Edsel was Henry and Clara Ford’s only child. Born in November of 1893, Edsel was groomed pretty much from birth by Henry to eventually run Ford Motor Company. Edsel went to a Connecticut boarding school called Hotchkiss, and the Detroit University School, now known as The Liggett School—Michigan’s oldest independent coeducational school.

A true automotive enthusiast, Edsel Ford bought the first Morris Garages (MG) sports car brought to the United States. He had custom speedsters designed for his personal use. One of his cars was a lightweight aluminum boattailed speedster powered by a V8 engine. Many automotive historians refer back to this car when discussing the origins of the hot rod. As president of the Ford Motor Company, Edsel was responsible for the development of the Ford Model A to replace the Ford Model T.

Edsel specified the Model A should have four-wheel mechanical brakes and a sliding gear transmission. He was also responsible for the styling of the automobiles. Further, in addition to starting Mercury, Edsel was the progenitor of the Lincoln Continental and the Lincoln Zephyr.

The Mercury brand name was derived from the messenger of the gods of Roman mythology. However, in addition to being the messenger of the gods, Mercury was said to be the patron god of financial gain, commerce, eloquence, travelers, boundaries, luck, trickery, and thieves.
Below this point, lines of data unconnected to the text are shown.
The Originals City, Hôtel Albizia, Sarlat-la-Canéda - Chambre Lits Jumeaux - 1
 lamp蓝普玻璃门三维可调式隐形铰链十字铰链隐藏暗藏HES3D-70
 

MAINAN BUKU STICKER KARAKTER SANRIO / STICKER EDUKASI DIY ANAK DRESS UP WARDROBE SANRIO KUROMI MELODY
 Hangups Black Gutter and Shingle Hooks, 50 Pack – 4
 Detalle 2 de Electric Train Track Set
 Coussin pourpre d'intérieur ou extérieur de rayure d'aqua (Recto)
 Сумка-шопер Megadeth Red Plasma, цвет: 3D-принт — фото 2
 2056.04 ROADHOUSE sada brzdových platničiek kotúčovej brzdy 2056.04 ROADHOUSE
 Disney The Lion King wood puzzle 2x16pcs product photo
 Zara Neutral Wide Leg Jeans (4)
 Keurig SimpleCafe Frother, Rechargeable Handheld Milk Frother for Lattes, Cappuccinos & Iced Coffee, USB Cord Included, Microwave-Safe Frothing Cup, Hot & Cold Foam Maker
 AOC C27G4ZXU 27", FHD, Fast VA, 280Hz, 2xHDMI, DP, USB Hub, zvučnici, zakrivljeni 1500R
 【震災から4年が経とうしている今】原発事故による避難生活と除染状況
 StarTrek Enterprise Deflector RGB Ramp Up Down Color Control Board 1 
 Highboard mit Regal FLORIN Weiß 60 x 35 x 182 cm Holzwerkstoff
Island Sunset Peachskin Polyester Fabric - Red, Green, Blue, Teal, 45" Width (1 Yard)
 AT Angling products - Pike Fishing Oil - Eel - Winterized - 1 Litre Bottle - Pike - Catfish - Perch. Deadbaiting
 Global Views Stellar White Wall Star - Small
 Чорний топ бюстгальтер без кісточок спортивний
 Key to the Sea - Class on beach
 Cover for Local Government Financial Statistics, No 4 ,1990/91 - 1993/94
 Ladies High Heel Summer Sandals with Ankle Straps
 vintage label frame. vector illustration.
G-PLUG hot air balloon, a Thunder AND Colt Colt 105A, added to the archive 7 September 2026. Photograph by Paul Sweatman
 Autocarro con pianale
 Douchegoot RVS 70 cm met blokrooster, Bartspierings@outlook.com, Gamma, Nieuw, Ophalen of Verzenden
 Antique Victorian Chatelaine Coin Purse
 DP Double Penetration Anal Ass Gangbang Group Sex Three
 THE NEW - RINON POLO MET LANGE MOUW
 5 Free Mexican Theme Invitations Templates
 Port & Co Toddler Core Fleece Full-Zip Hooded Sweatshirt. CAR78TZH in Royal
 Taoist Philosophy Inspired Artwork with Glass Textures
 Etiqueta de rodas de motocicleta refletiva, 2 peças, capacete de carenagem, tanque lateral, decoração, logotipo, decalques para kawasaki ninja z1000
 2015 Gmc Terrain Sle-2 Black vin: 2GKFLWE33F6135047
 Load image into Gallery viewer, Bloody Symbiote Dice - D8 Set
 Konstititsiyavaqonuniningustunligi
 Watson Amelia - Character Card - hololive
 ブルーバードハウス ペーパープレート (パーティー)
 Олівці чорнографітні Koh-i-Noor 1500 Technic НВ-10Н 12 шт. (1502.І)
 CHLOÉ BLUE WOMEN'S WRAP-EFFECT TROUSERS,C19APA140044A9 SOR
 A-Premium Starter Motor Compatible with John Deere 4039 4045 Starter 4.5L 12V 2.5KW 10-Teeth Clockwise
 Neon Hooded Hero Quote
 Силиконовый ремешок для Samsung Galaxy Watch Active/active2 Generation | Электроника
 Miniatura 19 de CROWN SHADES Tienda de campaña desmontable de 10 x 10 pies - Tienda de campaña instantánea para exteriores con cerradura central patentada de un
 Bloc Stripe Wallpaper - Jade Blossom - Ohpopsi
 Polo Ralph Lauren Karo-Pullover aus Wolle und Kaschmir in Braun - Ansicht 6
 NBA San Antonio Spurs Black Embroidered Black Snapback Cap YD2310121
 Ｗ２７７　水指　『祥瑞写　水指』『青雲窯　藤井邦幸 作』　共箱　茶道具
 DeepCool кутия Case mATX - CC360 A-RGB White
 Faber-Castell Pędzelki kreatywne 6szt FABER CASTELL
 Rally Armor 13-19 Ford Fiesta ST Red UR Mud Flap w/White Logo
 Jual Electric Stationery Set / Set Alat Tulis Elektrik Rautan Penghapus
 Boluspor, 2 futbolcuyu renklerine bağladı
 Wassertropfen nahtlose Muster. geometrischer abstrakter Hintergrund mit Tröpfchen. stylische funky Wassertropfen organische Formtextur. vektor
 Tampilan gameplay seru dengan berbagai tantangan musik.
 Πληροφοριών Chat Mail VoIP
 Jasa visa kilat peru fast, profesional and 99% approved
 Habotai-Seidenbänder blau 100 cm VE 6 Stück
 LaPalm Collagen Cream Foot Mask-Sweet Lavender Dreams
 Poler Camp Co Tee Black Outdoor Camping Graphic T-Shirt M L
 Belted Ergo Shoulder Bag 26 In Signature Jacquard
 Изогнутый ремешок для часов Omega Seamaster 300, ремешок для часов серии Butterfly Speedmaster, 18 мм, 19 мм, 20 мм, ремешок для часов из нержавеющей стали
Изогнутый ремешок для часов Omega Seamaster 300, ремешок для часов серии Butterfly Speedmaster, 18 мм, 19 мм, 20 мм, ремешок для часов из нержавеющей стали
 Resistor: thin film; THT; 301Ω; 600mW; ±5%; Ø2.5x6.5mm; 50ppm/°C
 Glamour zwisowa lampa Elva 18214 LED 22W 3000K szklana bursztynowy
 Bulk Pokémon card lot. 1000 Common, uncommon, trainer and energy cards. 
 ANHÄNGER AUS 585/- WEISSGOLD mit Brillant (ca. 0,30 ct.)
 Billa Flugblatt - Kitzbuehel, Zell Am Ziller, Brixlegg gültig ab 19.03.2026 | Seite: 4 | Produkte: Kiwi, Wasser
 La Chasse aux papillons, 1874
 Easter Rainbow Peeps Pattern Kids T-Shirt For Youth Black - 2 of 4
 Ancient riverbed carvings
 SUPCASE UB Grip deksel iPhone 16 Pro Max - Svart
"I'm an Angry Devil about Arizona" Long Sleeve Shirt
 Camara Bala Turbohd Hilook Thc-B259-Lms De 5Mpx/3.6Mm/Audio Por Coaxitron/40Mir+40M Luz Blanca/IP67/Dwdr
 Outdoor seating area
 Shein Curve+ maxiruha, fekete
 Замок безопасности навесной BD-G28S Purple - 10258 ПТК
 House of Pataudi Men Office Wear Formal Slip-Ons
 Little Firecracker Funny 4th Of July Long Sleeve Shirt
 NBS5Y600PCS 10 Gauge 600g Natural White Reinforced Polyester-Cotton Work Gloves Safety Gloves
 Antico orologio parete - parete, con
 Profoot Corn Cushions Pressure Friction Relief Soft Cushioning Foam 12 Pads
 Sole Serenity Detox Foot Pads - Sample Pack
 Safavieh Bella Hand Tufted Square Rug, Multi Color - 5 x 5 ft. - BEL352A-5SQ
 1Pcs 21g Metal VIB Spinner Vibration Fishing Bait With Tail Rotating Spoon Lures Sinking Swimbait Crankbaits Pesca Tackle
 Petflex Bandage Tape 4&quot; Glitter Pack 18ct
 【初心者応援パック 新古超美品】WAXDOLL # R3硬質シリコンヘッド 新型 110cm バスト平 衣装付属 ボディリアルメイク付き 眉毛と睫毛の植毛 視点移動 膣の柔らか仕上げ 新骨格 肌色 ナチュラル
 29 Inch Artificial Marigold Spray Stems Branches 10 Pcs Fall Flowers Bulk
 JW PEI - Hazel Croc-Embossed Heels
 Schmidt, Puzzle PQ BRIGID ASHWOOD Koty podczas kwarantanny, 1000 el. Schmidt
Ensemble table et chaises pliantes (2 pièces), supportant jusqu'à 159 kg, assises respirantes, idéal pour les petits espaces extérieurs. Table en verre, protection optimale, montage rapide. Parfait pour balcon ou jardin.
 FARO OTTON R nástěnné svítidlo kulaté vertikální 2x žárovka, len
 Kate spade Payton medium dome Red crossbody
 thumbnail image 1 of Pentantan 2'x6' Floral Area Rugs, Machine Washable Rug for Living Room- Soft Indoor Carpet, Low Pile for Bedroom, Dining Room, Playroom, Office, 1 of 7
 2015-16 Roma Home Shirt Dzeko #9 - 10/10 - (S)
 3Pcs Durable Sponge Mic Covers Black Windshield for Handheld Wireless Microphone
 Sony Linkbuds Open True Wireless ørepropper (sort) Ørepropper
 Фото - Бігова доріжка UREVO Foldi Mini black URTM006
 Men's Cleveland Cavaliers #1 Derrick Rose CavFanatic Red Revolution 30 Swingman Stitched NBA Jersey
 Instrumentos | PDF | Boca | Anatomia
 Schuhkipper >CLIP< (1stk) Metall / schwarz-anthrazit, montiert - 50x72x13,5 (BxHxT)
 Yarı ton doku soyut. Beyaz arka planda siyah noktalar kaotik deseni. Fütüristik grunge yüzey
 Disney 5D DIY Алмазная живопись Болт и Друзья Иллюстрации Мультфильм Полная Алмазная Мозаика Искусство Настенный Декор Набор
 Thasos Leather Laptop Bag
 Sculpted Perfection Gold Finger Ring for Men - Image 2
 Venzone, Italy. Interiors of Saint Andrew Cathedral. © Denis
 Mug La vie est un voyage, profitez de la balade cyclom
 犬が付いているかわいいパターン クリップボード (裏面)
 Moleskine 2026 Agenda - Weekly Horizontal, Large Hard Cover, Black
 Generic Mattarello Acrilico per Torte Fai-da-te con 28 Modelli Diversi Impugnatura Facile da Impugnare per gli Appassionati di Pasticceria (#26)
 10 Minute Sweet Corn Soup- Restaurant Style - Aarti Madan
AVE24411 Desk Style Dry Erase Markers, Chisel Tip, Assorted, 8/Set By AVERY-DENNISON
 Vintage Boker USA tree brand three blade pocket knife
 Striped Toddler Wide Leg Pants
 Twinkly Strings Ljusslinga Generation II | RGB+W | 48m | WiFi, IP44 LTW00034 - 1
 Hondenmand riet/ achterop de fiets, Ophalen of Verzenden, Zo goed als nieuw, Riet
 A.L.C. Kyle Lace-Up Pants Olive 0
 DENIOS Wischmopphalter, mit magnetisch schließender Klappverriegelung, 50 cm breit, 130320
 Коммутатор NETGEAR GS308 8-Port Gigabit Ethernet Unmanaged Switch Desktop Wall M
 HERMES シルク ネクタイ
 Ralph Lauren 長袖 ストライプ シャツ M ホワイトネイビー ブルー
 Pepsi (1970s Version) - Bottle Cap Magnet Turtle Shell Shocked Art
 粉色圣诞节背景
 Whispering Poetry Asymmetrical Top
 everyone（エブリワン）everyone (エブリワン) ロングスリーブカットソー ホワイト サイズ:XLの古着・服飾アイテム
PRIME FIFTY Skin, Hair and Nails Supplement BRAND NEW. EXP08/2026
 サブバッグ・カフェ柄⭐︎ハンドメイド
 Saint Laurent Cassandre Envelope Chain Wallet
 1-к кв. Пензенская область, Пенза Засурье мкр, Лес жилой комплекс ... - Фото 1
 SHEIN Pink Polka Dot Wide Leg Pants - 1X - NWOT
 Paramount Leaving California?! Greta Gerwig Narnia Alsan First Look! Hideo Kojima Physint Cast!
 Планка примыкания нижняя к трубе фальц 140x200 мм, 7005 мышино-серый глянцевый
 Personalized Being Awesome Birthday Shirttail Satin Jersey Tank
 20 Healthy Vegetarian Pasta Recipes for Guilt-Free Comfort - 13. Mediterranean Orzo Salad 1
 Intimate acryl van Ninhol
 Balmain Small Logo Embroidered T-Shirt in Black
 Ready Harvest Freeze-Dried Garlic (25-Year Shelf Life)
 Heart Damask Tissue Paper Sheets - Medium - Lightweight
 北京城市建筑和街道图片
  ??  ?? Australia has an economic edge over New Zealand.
He was also said to be the guide of souls to the underworld. The Mercury name won out over some 100 other considerations for the new brand.

The first Mercury model was equipped with a 95-horsepower flathead V8 engine. An all-new model, the 1939 Mercury Eight was an entirely distinct model from anything else in the Ford family of cars.  With the Mercury Eight, Ford Motor Company found itself with a hit on its hands. By the time World War II started, more than 155,000 Mercury Eights had been sold.

All of Ford’s consumer production was suspended during the war to produce planes, trucks, and other materiel to support the U.S. war effort. Afterwards, Mercury returned as an arbiter of style, performance, and modern (for the time) tech.

Interestingly, and while it became more acute toward the end of the brand’s existence, one situation Mercury faced throughout its lifetime  was the fact there was no single identifying attribute around which the marque was positioned. Even though Edsel Ford had originally intended the brand to be entry-level luxury, there were performance overtones to certain Mercury automobiles as well. Further, the values of the products vacillated between really nice Fords and slightly less luxurious Lincolns. Consequently, consumers had a tough time deciding what Mercury stood for.

In an attempt to position Mercury in consumer’s minds as more than a nice Ford, after World War II, the parent corporation twinned Lincoln and Mercury dealers. The idea was if they shared showroom space, Mercury would be seen as an affordable alternative to Lincoln, rather than a more expensive Ford. By all accounts this worked for a while, with the postwar period through the early1970s being something of a golden era for Mercury.

The early part of the 1960’s saw a shift more toward the performance end of the spectrum again with cars like the 1962 Mercury S-55 and the 1963 Mercury Marauder. As enticing as these models were however, they were very closely aligned with the Ford Galaxie 500 upon which they were based—signaling Mercury’s shift toward being really nice Fords again.

Perhaps the Mercury model with the most notoriety was the Mercury Cougar. Introduced in 1967—based on the Ford Mustang—the Cougar offered graceful good looks, performance, and luxury, all in one package. All of this was best embodied in the Cougar XR-7 models. In fact Mercury’s image was totally wrapped up in the Cougar by the time the 1970s rolled around. In commercials and print ads the marketing team was advising customers to visit “The Sign Of The Cat”, regardless of the Lincoln or Mercury model being advertised.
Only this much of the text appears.